Transcribe word for word each line from the one containing "P&amp;O Cruises New" to the final line of the data, both included. Skip the pictures.

START Data in this exercise

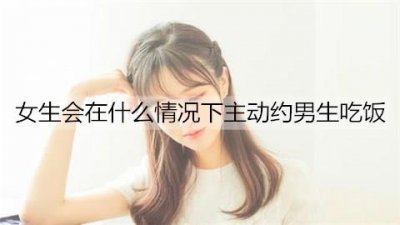 ​女生会在什么情况下主动约男生吃饭?可能并不是喜欢你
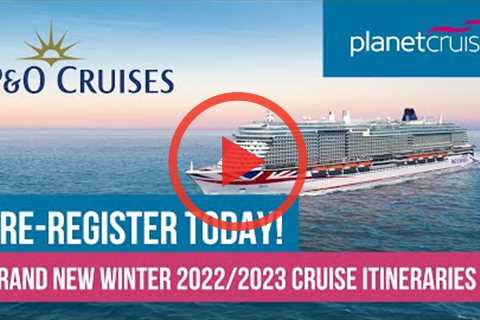 P&amp;O Cruises New 22/23 Itineraries | Pre-Register today | Planet Cruise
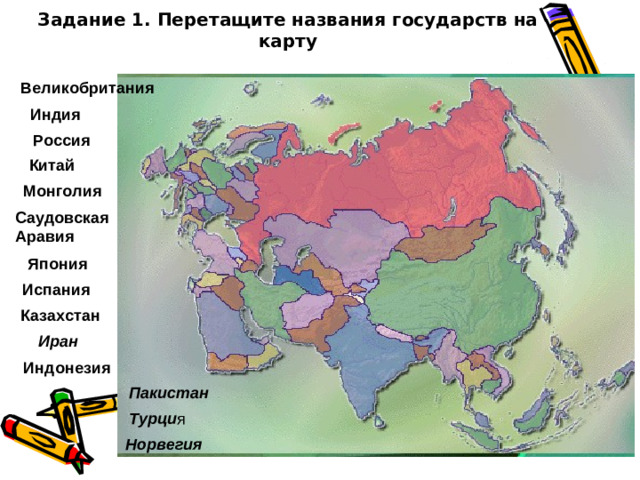 Задание 1. Перетащите названия государств на карту Великобритания Индия Россия Китай Монголия Саудовская Аравия Япония Испания Казахстан Иран Индонезия Пакистан Турци я Норвегия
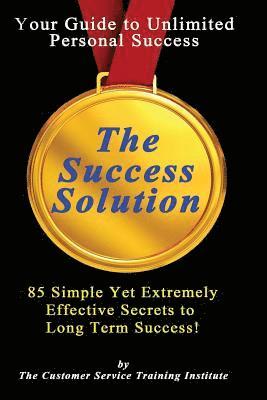 bokomslag The Success Solution: 85 Ways That Bring Long Term Success
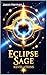 Eclipse Sage by Jason Herman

END Data in this exercise

Solution to the problem
 P&amp;O Cruises New 22/23 Itineraries | Pre-Register today | Planet Cruise
 Задание 1. Перетащите названия государств на карту Великобритания Индия Россия Китай Монголия Саудовская Аравия Япония Испания Казахстан Иран Индонезия Пакистан Турци я Норвегия
 bokomslag The Success Solution: 85 Ways That Bring Long Term Success
 Eclipse Sage by Jason Herman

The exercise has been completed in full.